The Draft Law states that the State will protect the IPR of Foreign Investors and foreign-invested enterprises in accordance with law and encourage technological cooperation based on voluntariness and commercial norms. The conditions for technology cooperation shall be negotiated and agreed upon by the investment parties; and forced technology transfer through administrative measures is prohibited (Article 22). This liberalization may be of limited impact unless foreign equity caps are lifted from the many industries in which they are maintained, China’s currency controls are further relaxed and government licensing requirements are implemented on a timely and non-discriminatory basis;

(2) The Draft Law limits extra-legal restrictions on Foreign Investment. Governments and relevant departments at all levels shall formulate Foreign-Investment-related regulatory documents in accordance with laws and regulations, may not undermine foreign-invested enterprises’ lawful rights or impose obligations in violation of law, and shall not set market entry and exit conditions or interfere or influence normal business activities of foreign-invested enterprises in violation of law (Article 23);

(3) The Draft Law calls on local governments to abide by their commitments. Local governments and their relevant departments shall strictly abide by duly-made policy commitments and all contracts concluded according to law. In case of changes to government commitments or contractual agreement due to national interests or social and public interests, the government shall act strictly in compliance with statutory authority and procedures, and compensate Foreign Investors and foreign-invested enterprises for losses suffered therefrom (Article 24); and

(4) The Draft Law calls for improving the mechanisms for complaints and protection of the rights of foreign-invested enterprises. The State will establish a working mechanism for complaints by foreign-invested enterprises, coordinate and improve major policy measures to respond to complaints by foreign-invested enterprises, provide timely solutions to problems raised by foreign-invested enterprises, and Foreign Investors and foreign-invested enterprises may establish and join on a voluntary basis chambers of commerce and associations to protect their legal rights and interests (Articles 25 and 26). It is unclear how novel or effective this will be, particularly given perennial concerns among Foreign Investors about retribution from the Chinese government.

IV. Conclusion

The Draft Law promises improvements in market access, IPR protection and equal treatment for Foreign Investors. However, an expression of good intentions will not be sufficient without concrete actions to enforce the law as it is written.
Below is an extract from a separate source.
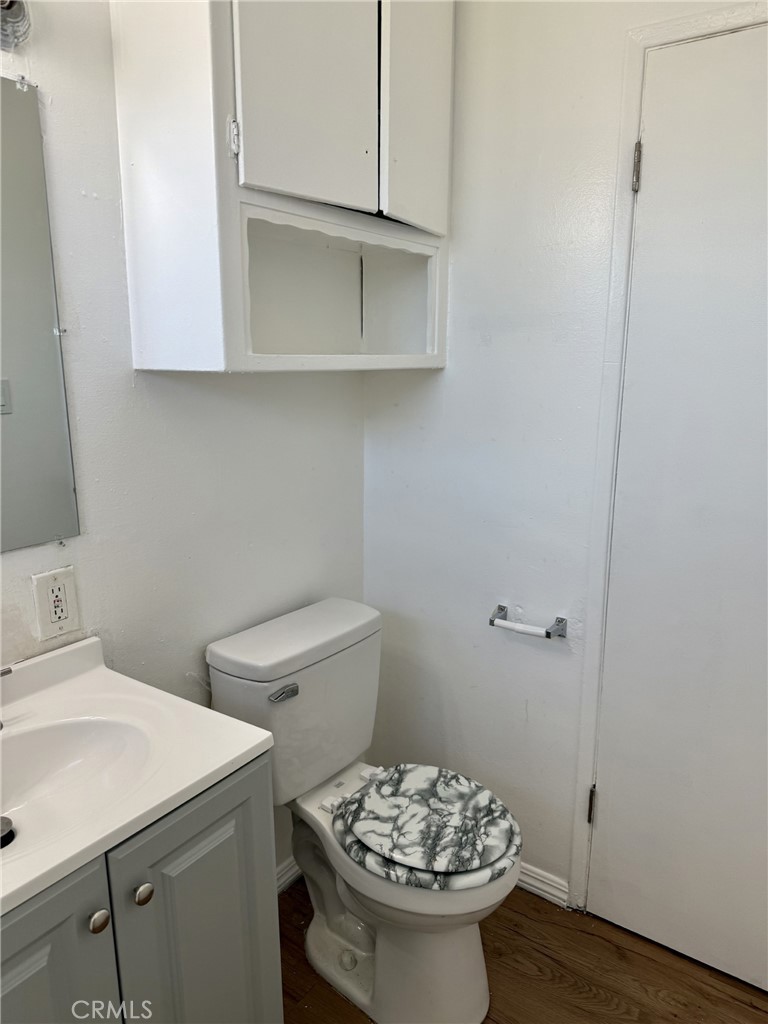 4830 Canoga Street, Unit J Montclair, CA 91763 - Photo 12 of 12 a bathroom with a sink and a toilet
In particular, Chinese officials have long denied any “forced” transfer of Foreign Investors’ IPRs and argued that foreign companies do so “voluntarily” in exchange for access to China’s lucrative market. It is unclear how effective the new Foreign Investment Law can be in resolving a problem that the Chinese government has maintained does not exist. Furthermore, the Draft Foreign Investment Law seems to have left unresolved the issues of government subsidies, exemptions for central government-authorized monopolies under the Anti-Monopoly Law, and other preferences granted to domestic state-invested and state-influenced companies, all of which tilt the playing field favoring domestic firms.